Q: And in 2021 there was this incredible mobilization of young people, many of whom paid with their lives for participating in the mobilization and then elections, people who conducted independent monitoring of the electoral places were kidnapped. Some of them never showed up again. So what is the story? I would like you to have an optimistic, uplifting story for the next election, which is around the corner.
GAVIN: I am endlessly impressed with the resilience of Ugandans, right, in the face of the kind of political violence that you’re talking about. And Uganda is another one of those cases that’s particularly rich in humorous and pointed online discussion of what’s happening politically. In fact, they did something really clever around corruption, which was this sort of online exhibition project where first it was the Ugandan pothole exhibition, and people would just post photos— right?—of roads in poor repair and make a comment about where did the money go that was supposed to be allocated for this.
But then it became healthcare. Then it became policing, right? Really clever, increasingly sophisticated, and organized expressions of what they see as what’s going wrong with their government. And Uganda, I think, is also a great example of one of these political narratives past the sell by date, because you’re quite right. President Museveni in power since the mid-’80s, right? If you look at his campaign materials, they’re not so much responding to the demands of the population as they are reminding everybody just how scary it was before President Museveni and the NRM came to power. In fact, he celebrated his birthday, one of his recent birthdays, at the site of a major battle from the Civil War and sliced into this giant cake decorated with camouflage frosting. And you know those edible photos of soldiers with guns on the ground, you know the message around he’s not the head of state, right? He’s the soldier in chief who’s going to keep you safe. This just does not resonate for young people have no experience of the Amin and Obote years and are dealing with crime in the cities and unfair policing.

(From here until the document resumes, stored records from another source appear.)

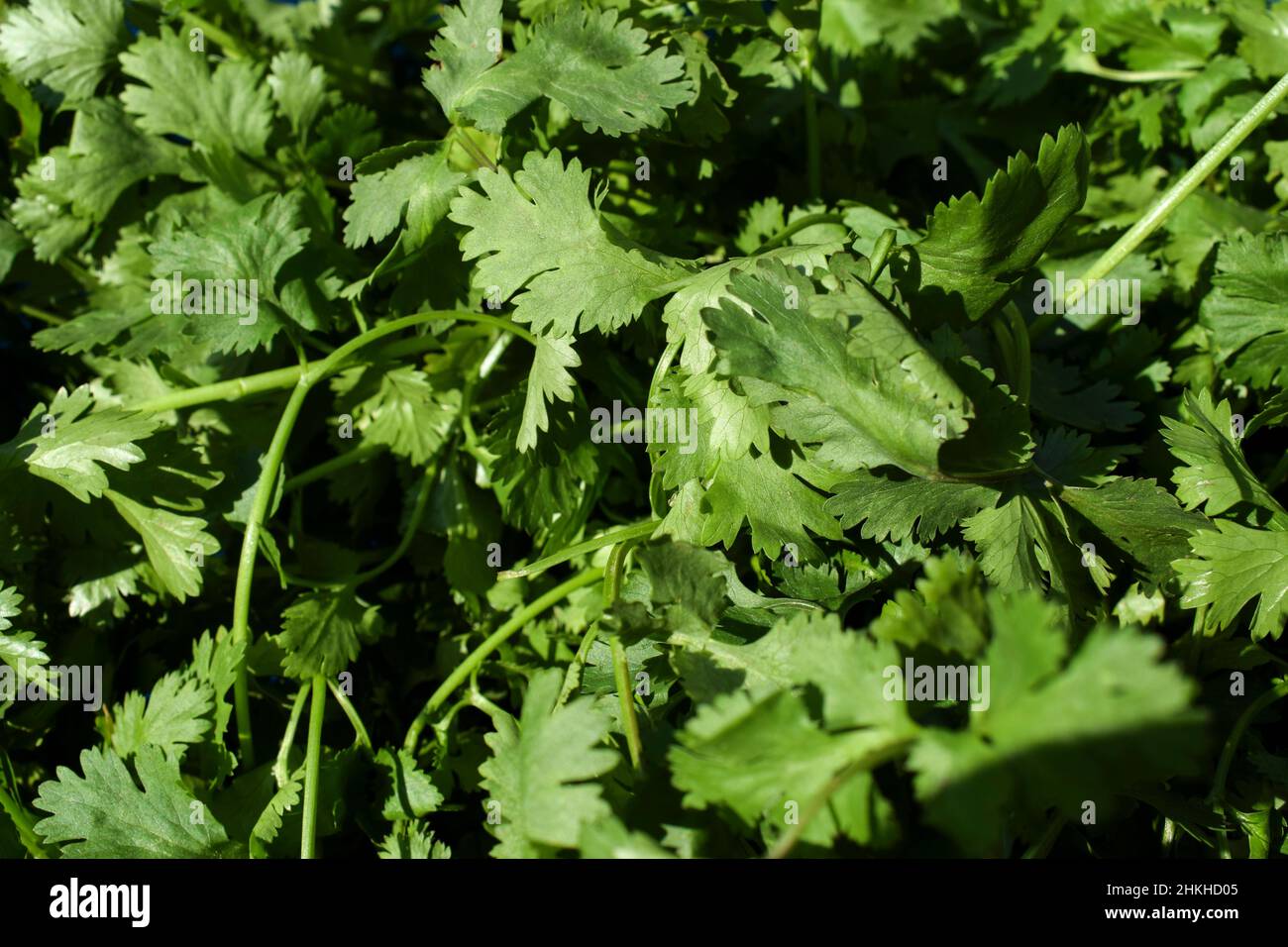 Korianderblätter im Gemüsegarten Grünes Blattgemüse Agrarkonzept für Hintergrund Stockfoto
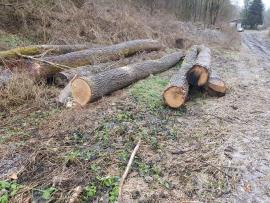 Chêne Rondin de sciage |  Bois dur | Grumes | Bartoš Gašpar - Biofire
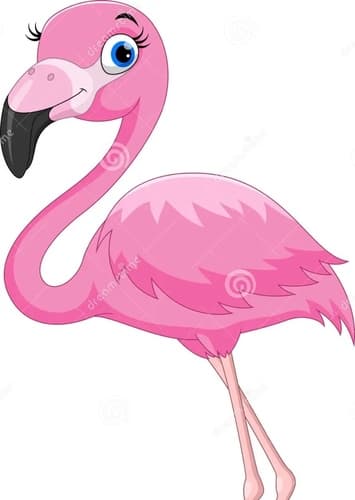 Flamingo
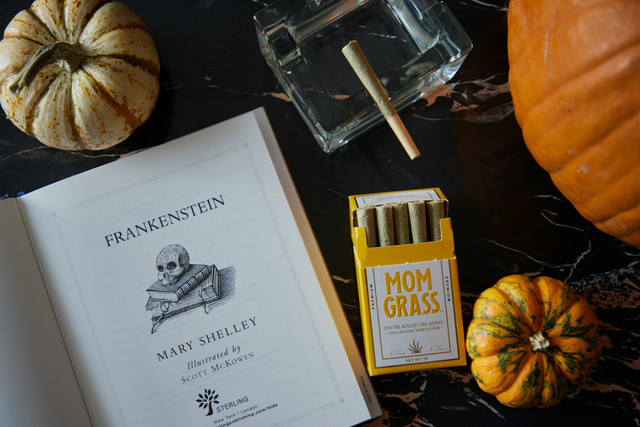 Ilustrasi sinopsis frankenstein 2025. Sumber: dad grass/unsplash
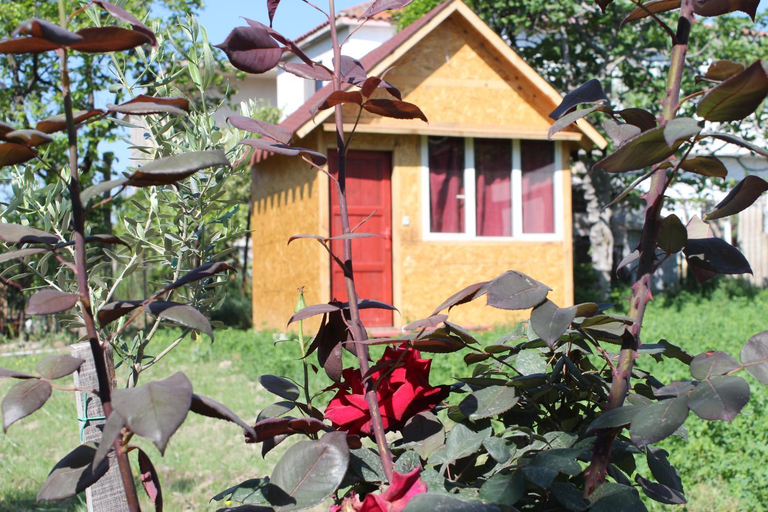 Others 4, Elbasan Backpacker Hostel, Elbasanit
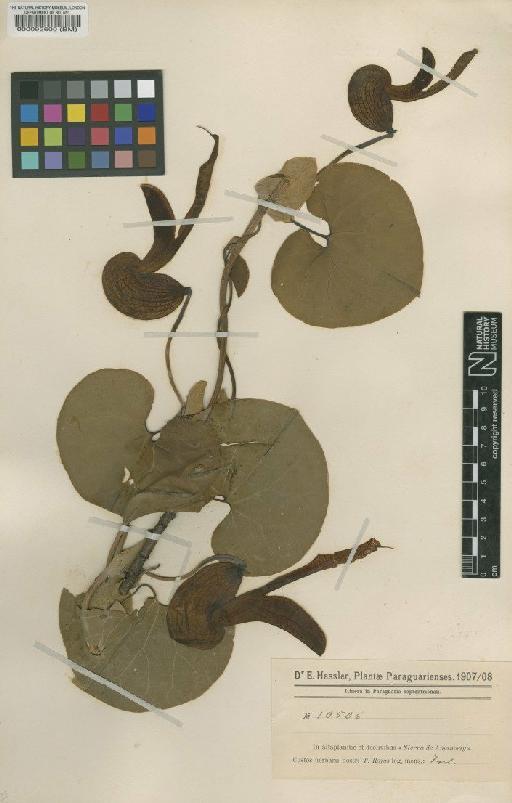 Aristolochia malmeana Hoehne - BM000092600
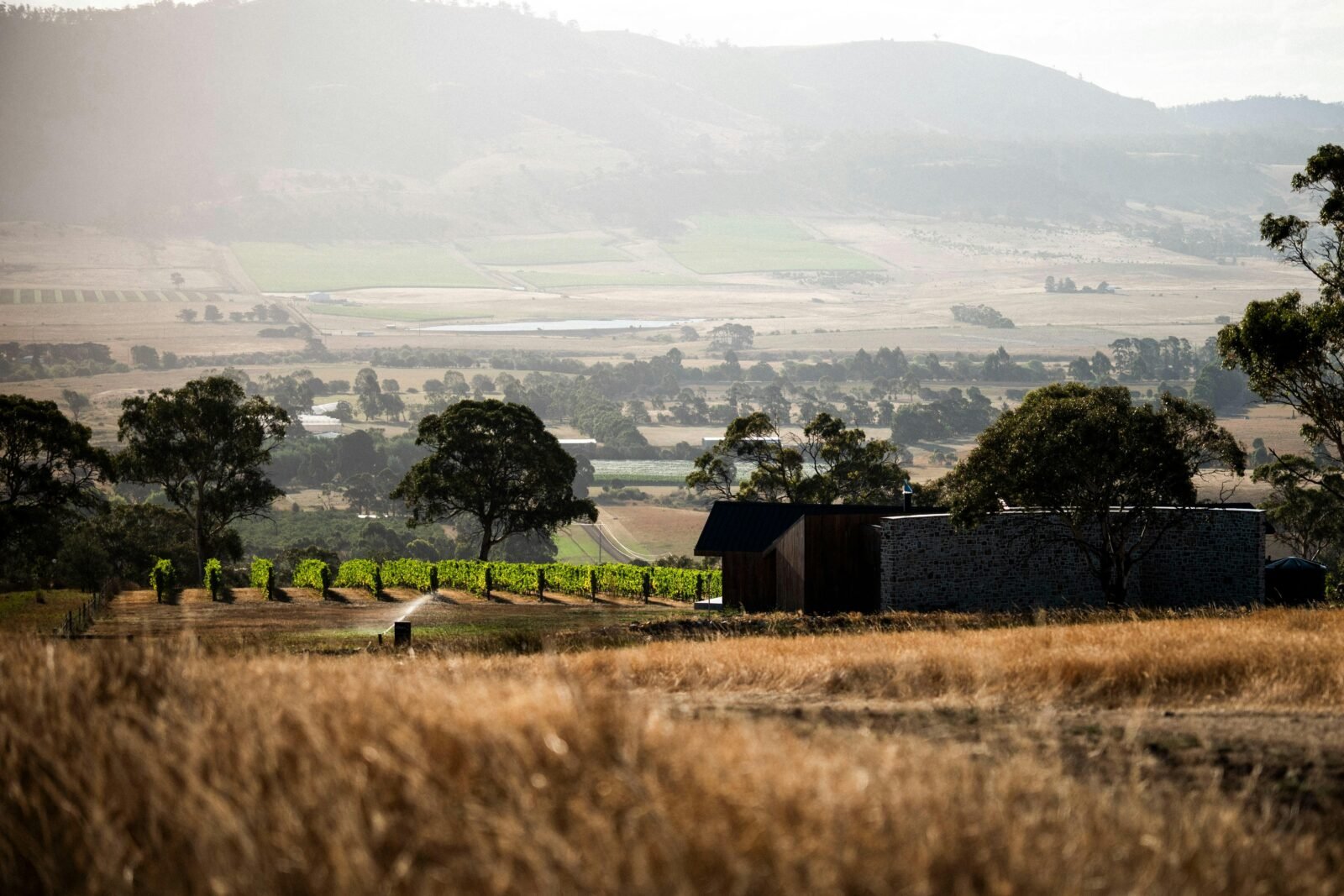Caledon Cellar Door overlooking the picturesque Coal Valley, Richmond, Tasmania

And so I don’t think it’s going away, the movement around the opposition, no matter how many opposition leaders they throw in jail or shoot. What’s very worrying to me right now about Uganda is this collaboration we’re seeing with leadership in Tanzania and Uganda and in Kenya to work together to suppress each other’s activists. But that is being countered by young people working together to protect each other, to share tactics and techniques around resistance. And so I’m worried about the U.S.-Ugandan relationship, particularly with this latest agreement to accept deportees, right, where it’s clear where our priorities lie, but I would not count out the Ugandan people who are looking for something different.
O’NEIL: Right there in the back please.
Q: Hi. Phillip Ellison.
Ambassador, I’m wondering what you could say about those cases where the voter participation has been minimal, or at least low, about organized professional elites or sub elites such as the Muslim Brotherhood in various countries, and what impact they may have as a political force in at least temporarily moving elections, and God knows what happens after an election and who the elites who actually govern become. But I think there’s a role for them, and I’m wondering, I’m sure they think so too.

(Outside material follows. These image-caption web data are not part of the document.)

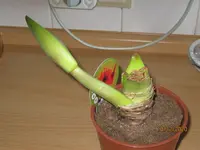 Amaryllis.webp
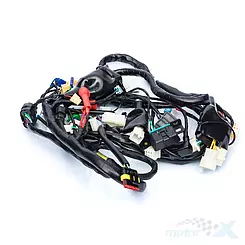 Instalacja elektryczna Router RXL 50 2024 Euro 5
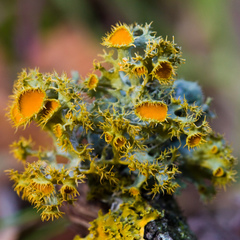 Golden-eye Lichen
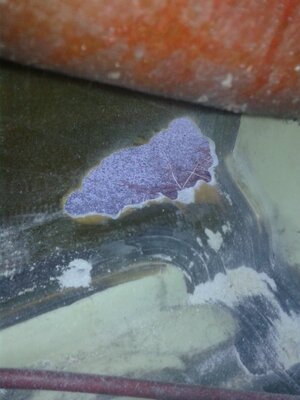 IMG_20150723_190200.jpg IMG_20150723_190200.jpg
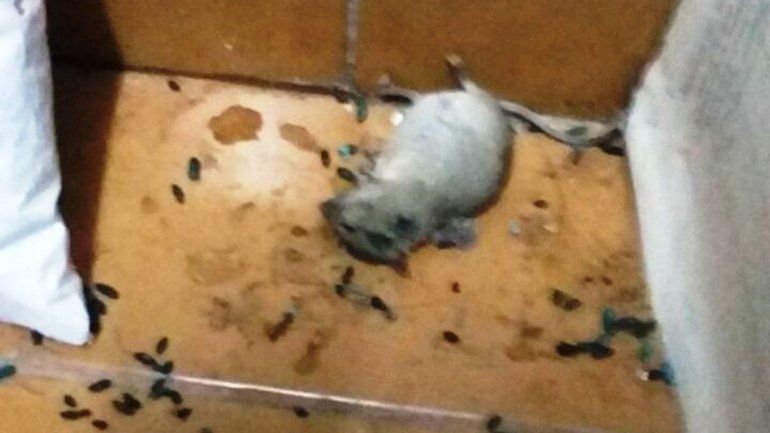 Uno de los roedores capturados por los empleados.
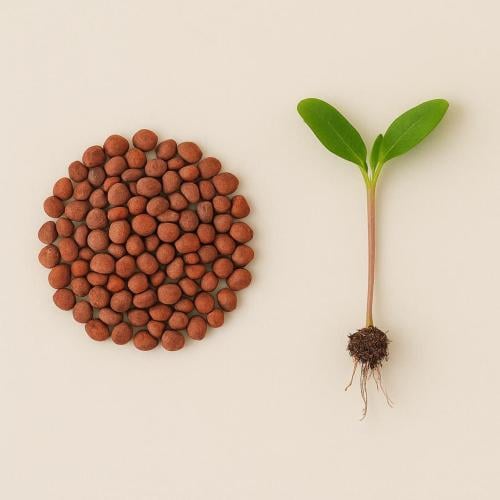 بذور - فجل
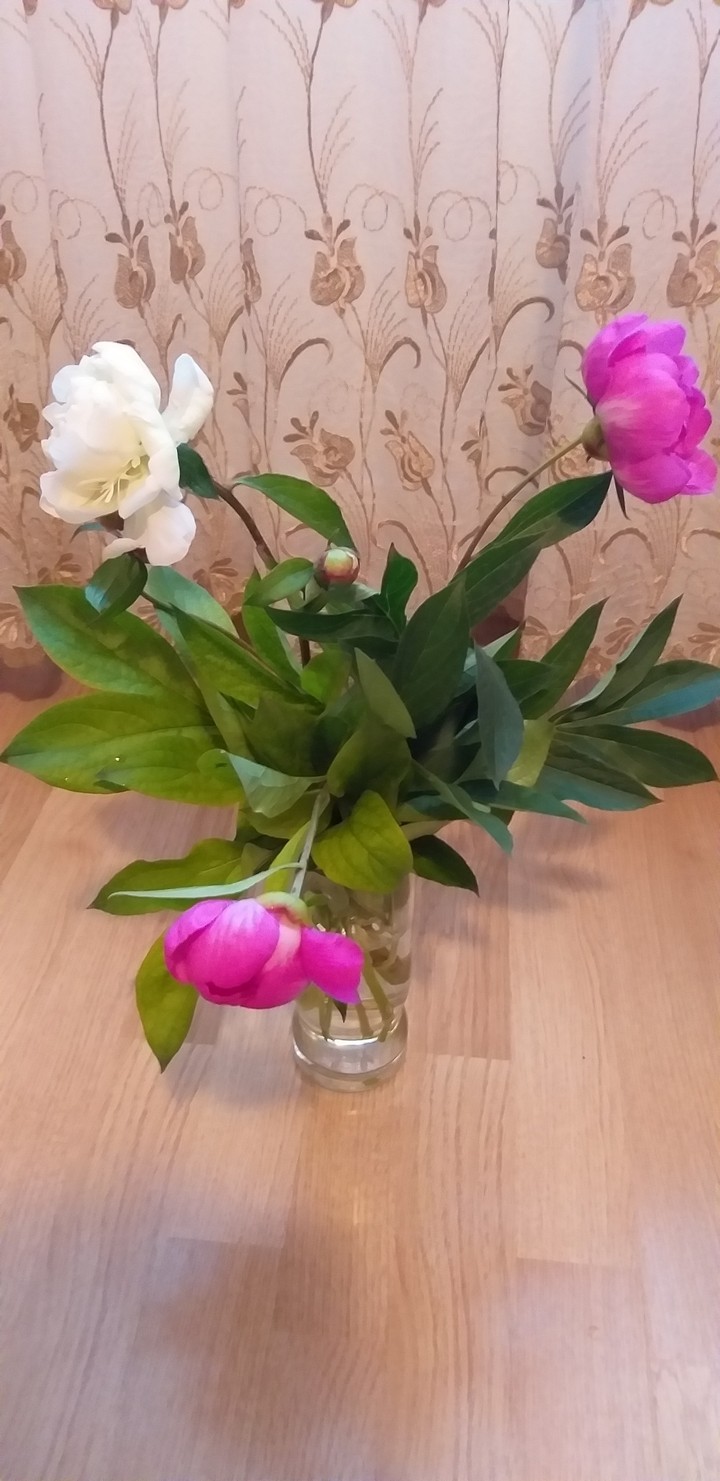 Beautiful flowers!??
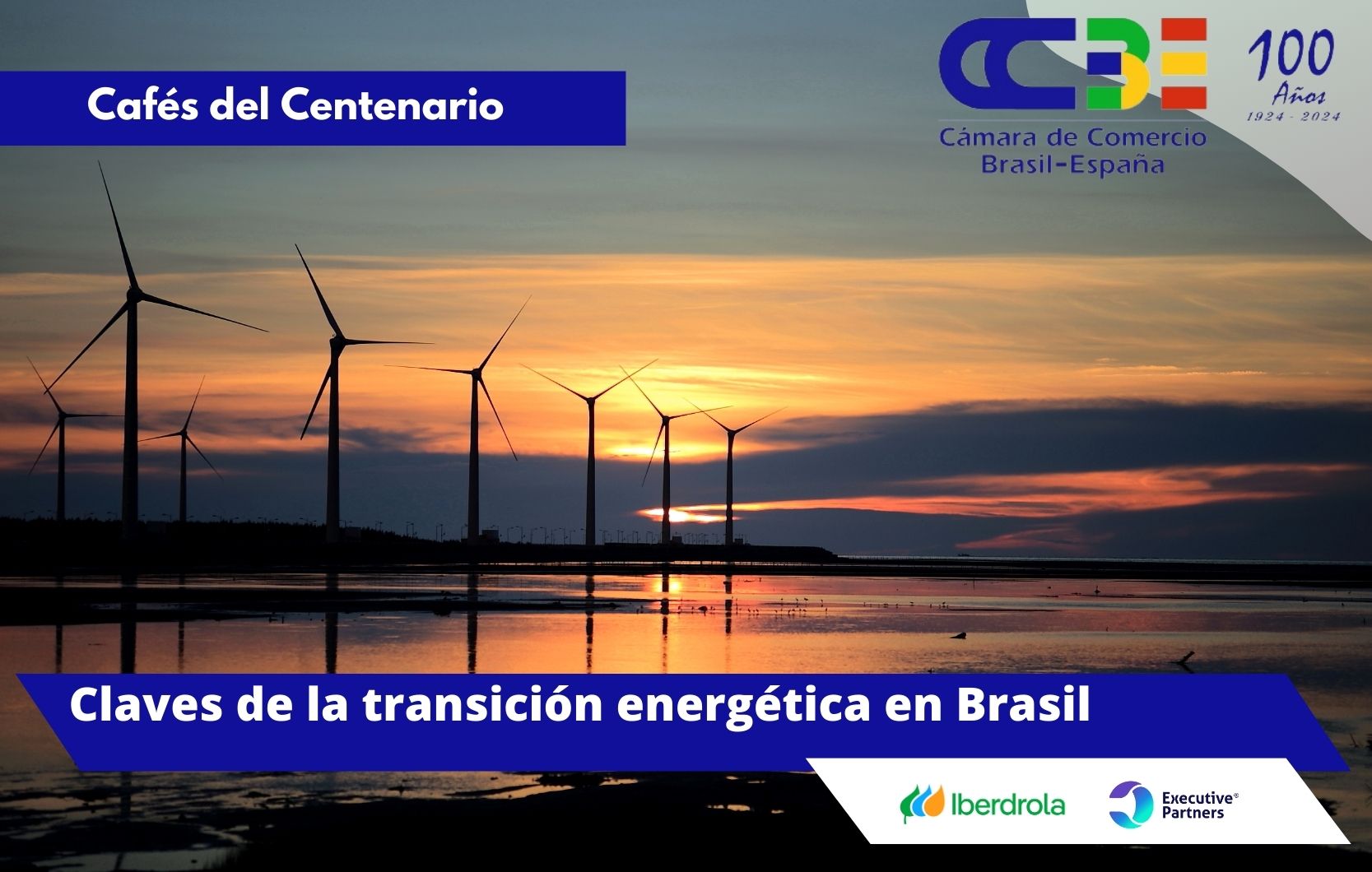 La CCBE analiza las claves de la transición energética en Brasil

GAVIN: Yeah, no, I think you’re right. There is this incredible danger, right, in the majority of the population kind of opting out of a system that they see as meaningless, as sort of theater designed to legitimize forever political class, and that that does create opportunities for elite networks of different flavors to have outsized influence.

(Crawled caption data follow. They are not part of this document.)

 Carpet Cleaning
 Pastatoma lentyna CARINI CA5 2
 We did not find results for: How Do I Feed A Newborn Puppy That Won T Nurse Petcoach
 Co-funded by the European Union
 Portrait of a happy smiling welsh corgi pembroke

I sympathize in some ways, though, with these young people who are who are unwilling to participate in a charade, right? I mean, candidly, if I were a Cameroonian voter, I’m not so sure that I’d be headed for the polls, because I would be hard pressed to believe it would matter. So I think that’s a really important point and argument and something that maybe should be discussed more widely. You know, there’s obviously been a long debate about tactics around boycotts and the limits of boycott strategies, which made, perhaps, more sense when there was an international seal of approval someone was looking for from an election. And there are a lot of problems with that formula and who gets to approve what and what their interests are. But we find ourselves, I think, in new territory, and it’s going to be young Africans in the context we’re talking about to decide whether elections are the way they believe they can change their system or not.
O’NEIL: Take one question from online please.
OPERATOR: We will take our next question from Pearl Robinson.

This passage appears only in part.